# Even More 3D Ethafoam Targets



## Nobby (Feb 19, 2007)

Here are the last of them I am going to post. We make the honey pot a -10 shot.
Nobby


----------



## three under (May 17, 2007)

Just awesome!


----------



## Texoma (Jul 1, 2006)

Dang those are some nice targets.:thumbs_up


----------



## bill2455 (Apr 30, 2007)

*nice*

nice work, very nice


----------



## Nobby (Feb 19, 2007)

*Targets*

Thanks Guys


----------



## ohbuckhunter (Sep 18, 2008)

do u sell them if so how much. how well do they hold up when shooting


----------



## Nobby (Feb 19, 2007)

*Targets*

I mentioned how log they last on another thread. Years
Thanks
Nobby


----------



## wisetech (Nov 14, 2008)

Hey are you going to use them in Nanaimo "St Pattricks Day" shoot ? Make the "10" ring bigger so Ron can hit it.LOL


----------



## Nobby (Feb 19, 2007)

*Target*

I moved the 10 ring on the moose and made it bigger as well. Yes maybe Ron will hit it.
Nobby


----------



## horns247365 (Dec 30, 2006)

How long does it take to make. How much does it cost. What is the process. Very nice by the way. How do the arrows pull out.:thumbs_up:darkbeer:


----------



## Dthbyhoyt (Dec 4, 2004)

Again , nice work


----------



## ohbuckhunter (Sep 18, 2008)

ok do u want to sell any


----------



## Nobby (Feb 19, 2007)

*Targets*

These targets are far more easy to pull than regular MaK or Rih. targets. They are super durable and close once they are shot. I only make these animals for our club to use on our tourny circuit but use the same type of material for my target I practice with each day, in square block form.


----------



## joe bridge (Nov 9, 2007)

could you post a pic of them after being shot, just wanna see how much they penetrate

looks great by the way


----------



## Nobby (Feb 19, 2007)

*Foam*

The foam comes from a wholesale place near my home in Western Canada, however, it is produced in the States. You can contact your nearest Industrial Plastic Shop or Google ZOTEFOAM and there are some companies that you may be able to buy from near you. It costs me approx. $130 a sheet on average for a 4’x 9’x 2”sheet. I buy 2.2 lb. black and white for the main body parts and 4.4 lb. white for the kill zone centers. The foam all comes two inch thick so you have to create templates for the different body parts and melt them together with a very hot heat gun. It does not take much to adhere them together and once they are stuck, they don’t come apart. Glue does not work well. I have tried many types. Heat is the only way to go. You can sculpt with smaller pieces as well. 
Paint has always been an issue. I have tried spray to roll on acrylic and enamel and I think it is the nature of the beast not to stick well. If you leave the foam open the paint will sink into the pores more to give you a longer lasting look. It is inevitable that they have to be painted again. If you happen to find a paint that sticks well, please let me know.

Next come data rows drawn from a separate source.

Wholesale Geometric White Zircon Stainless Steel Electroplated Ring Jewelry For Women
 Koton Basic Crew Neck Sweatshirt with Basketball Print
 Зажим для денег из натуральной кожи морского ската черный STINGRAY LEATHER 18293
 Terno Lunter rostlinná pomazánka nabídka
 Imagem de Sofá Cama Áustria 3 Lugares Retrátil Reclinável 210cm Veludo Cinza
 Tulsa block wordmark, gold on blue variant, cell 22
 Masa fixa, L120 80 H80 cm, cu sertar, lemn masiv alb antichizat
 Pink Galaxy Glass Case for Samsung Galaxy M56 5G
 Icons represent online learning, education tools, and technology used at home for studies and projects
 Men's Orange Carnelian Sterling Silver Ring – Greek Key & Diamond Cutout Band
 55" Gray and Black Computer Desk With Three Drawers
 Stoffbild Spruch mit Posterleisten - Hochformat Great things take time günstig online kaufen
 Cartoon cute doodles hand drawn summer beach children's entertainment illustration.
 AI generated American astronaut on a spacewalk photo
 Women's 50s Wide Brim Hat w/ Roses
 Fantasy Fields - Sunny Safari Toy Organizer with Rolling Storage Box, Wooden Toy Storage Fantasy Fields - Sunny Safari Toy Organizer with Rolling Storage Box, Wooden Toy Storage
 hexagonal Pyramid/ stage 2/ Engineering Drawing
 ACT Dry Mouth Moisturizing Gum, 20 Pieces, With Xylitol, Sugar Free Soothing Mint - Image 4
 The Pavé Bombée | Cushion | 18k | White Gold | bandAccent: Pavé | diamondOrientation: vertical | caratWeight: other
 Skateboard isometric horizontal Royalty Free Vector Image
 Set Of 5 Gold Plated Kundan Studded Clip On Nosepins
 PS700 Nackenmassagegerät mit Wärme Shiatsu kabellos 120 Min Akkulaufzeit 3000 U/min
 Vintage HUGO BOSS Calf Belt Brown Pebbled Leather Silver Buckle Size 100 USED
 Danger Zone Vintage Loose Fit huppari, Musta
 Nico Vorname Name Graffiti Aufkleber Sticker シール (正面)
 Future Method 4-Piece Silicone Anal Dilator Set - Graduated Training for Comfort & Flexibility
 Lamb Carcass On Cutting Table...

Hope this helps and good luck.

Nobby


----------



## BowSitter (Mar 8, 2006)

The minus 10 on the honey pot can be a pain in the arse if you are a little out on yardage!
I can tell you guy's that these targets are real easy to carry in and out of the course as they are quite light.


----------



## Nobby (Feb 19, 2007)

*Thanks*

Thanks Mate
I forgot to mention that they are super light. The moose itself, as large as it is, one person can carry the whole thing by themselves.


----------



## Ab_bow_hunter (May 16, 2008)

these targets are awsome!!!

howm may sheets of the foam does it take to make the whitetail from the first post? at $110 a sheet it'd be less expencive to just buy one.....

great targets :thumbs_up


----------



## Nobby (Feb 19, 2007)

*costs*

Hi There
The moose took 1 ½ pieces of soft 2.2lb. white foam and 1 ½ pieces of soft 2.2lb black foam and 1 piece @2’x9’x 2” of hard 4.4lb white foam. A total of about 4 sheets of foam. This moose though is almost full size. The legs are missing, as they are not needed of course, because you can hide them with branches. There is approx. 8 layers of 2” foam. They are a little over 2” thick, mind you, so the total thickness in this case is probably close to 17”. You don’t have to go this thick but I did as I want this thing to last years for our club. There are 4 layers of hard foam strategically placed in the kill zone area. Have a look at the kill zone of the moose I posted. It has been shot hundreds of times. There is absolutely no chance of a pass through. I do not make these animals with all hard foam because 1. It is too expensive and 2. I like the black on the outside of all the animals. 
Canadian cost for the moose is approx. $500-$550, a lot cheaper then the commercial animals in Canadian prices especially for an animal the size or the moose. A deer is way less to produce unless you buy the cheaper brand of 3D animal, which will definitely not last as long. Hope this helps.
Nobby


----------



## Nobby (Feb 19, 2007)

*targets*

One other thing is, if the centers do need to be changed, it is very easy to do and you just use the scraps left over. Does not take much time to refurbish and make like brand new again. The scraps also can be used for bow birds. Great for traditional shooters but would recommend only hard foam for the compounds.
Nobby


----------



## ClearProp (Aug 22, 2008)

Nobby said:


> These targets are far more easy to pull than regular MaK or Rih. targets. They are super durable and close once they are shot. I only make these animals for our club to use on our tourny circuit but use the same type of material for my target I practice with each day, in square block form.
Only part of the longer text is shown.